The Mexican Central Highlands
October 2010
Teotihuacan

The day after visiting Cacaxtla and Xochitecatl, Enrique and I visited Teotihuacan.  Teotihuacan has a similar layout to the pyramids and temples on the Giza Plateau in Egypt.  I feel that the current Teotihuacan ruins were built on top of an older city built by the Atlanteans.  Teotihuacan also has many square platforms and smaller pyramids, which give the site (especially the Avenue of the Dead) a very dense uncomfortable energy similar to the Toltec sites like Tula.  I felt mixed emotions about this site due to the original Atlantean energy (which felt good) and the more recent Teotihuacano energy of human sacrifice (which felt yucky).  I would definitely like to visit Teotihuacan again sometime.

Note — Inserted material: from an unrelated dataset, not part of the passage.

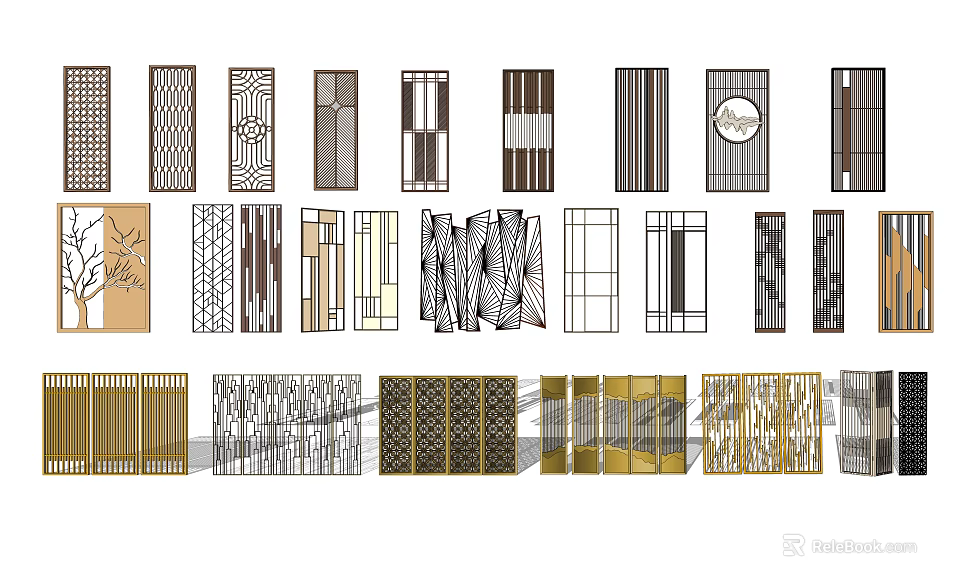 Stylish Room Divider Designs With Various Patterns And Materials For Home Decor 3d model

According to the LONELY PLANET Guide to Mexico, 9th Edition, published September 2004, ISBN 1-74059-686-2, Pages 184-185, Teotihuacan was Mexico’s biggest ancient city and the capital of Mexico’s (probably) largest Pre-Hispanic Empire.  The inhabitants developed the city’s grid plan in the early part of the 1st Century A.D.  They then built the Pyramid of the Sun over an earlier cave shrine by 150 A.D.  They built the rest of the city between about 250-600 A.D.  2 great avenues divided the city into quarters that met near the Citadel.  The north-south avenue is the Avenue of the Dead.  The inhabitants covered the pyramid-like buildings in lime and painted them colorfully.  Residential compounds made up most of the city, some of which contained frescoes/murals.

Sunrise on Teotihuacan seen from the south in a balloon.

Sunrise on Teotihuacan seen from the west in a balloon.